I want to write down what actually changes, because the gap between a demo and something you can leave running on a system of record is wide, and most of it has nothing to do with the model.
The data comes with rules attached
On a greenfield app, data is just something you fetch and render. On a platform like Salesforce, the data shows up wrapped in rules that were written long before your feature existed. A record has an owner. It has a sharing model. It has field-level security, validation rules, and triggers that run when it changes.
The first time I connected an LLM to read records, I had to stop and ask a basic question: should this model be able to see a record the user in front of it can’t? The answer is obviously no. But it’s easy to build it the wrong way, because the convenient path is to give your AI service a powerful account and let it read everything. The moment you do that, you’ve put the platform’s most sensitive data behind a component that doesn’t understand who’s asking.
So the first thing I check on any of this work is whether the retrieval runs as the user, inside the same permissions the platform already enforces. If the user can’t see it, the model shouldn’t either. You don’t want to reinvent access control next to a system that already has a good one.
Pulling the right context is most of the work
A model can only reason about what you put in front of it. On a platform, the information that actually answers a question is spread across related records: an account, its contacts, its open cases, its history. Gathering that, in a way that’s both relevant and allowed, turned out to be most of the effort. The prompt was the last small piece.

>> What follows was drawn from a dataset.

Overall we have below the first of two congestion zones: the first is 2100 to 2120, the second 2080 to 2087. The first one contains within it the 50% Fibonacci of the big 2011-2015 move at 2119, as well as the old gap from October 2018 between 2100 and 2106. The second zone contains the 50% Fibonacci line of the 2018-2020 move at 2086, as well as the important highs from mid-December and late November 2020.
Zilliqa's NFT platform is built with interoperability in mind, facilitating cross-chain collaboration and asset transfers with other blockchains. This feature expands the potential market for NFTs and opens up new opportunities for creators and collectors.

You run into two problems quickly. Give the model too little and it answers in generalities, ignoring the specific record the user is looking at, and the whole thing feels bolted on. Give it too much and you’ve quietly pulled in related records the user may not be cleared to see, which is a data leak dressed up as a summary. Getting this right, narrowing to what’s relevant and permitted, is the part worth slowing down for.

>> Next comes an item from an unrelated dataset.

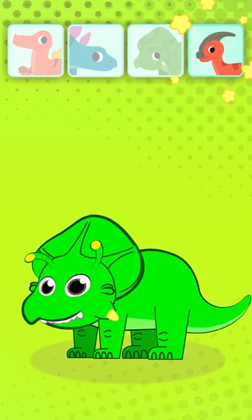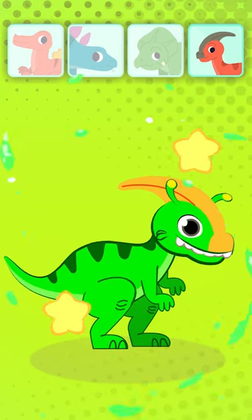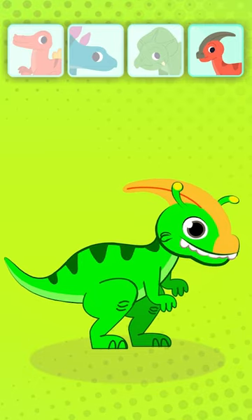Lastly, a Parasaurolophus. This dino had a curved horn on their heads. That's so cool! Learning about dinosaurs is so much fun!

The platform has limits, and they show up under load
Enterprise platforms are shared by a lot of tenants, so they protect themselves with limits: on how many queries you run, how long a transaction takes, how many API calls you make. Your AI feature wants to fan out across related records and then wait on a model call that might take ten seconds. That runs straight into those limits the first time a large account comes through.

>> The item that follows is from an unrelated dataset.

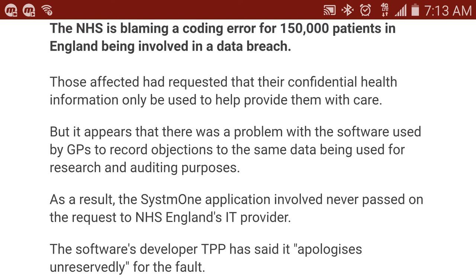It only takes one wrong click, one wrong signature, and things can go wrong. This article goes into detail saying that those affected had requested that their confidential health information only be used to help provide them with care. And we all know that's not how this works. It appears that there was a problem with the software used by the general practitioners to record objections to the same data being used for research and auditing purposes.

The version that works does the AI work off to the side, not inside the request the user is waiting on. Queue it, use the platform’s async tools, and let the save complete on its own. A model call has no business sitting in the middle of a user’s transaction.
Whatever the AI writes, someone has to answer for
This is the part that separates a consumer app from a system of record. If a chatbot suggests something wrong in a consumer app, you shrug. On a platform, the records are what the business runs on, and often what an auditor looks at later. “The AI did it” is not an answer anyone wants to give in that room.
So a few things I treat as non-negotiable once an AI feature can write back. The change has to be attributable: you should be able to tell that this update came from the assistant, with what input. It has to be reversible, because a confident wrong answer needs to be as easy to undo as it was to make. And anything truly consequential gets a person in the loop before it commits. Drafting a value for review is fine. Silently changing a customer’s record is not.
None of this is exotic. It’s the same discipline a platform already runs on, applied to a new and less predictable component. If you come into this work treating the platform’s rules as the requirements rather than friction to get around, most of the hard decisions make themselves.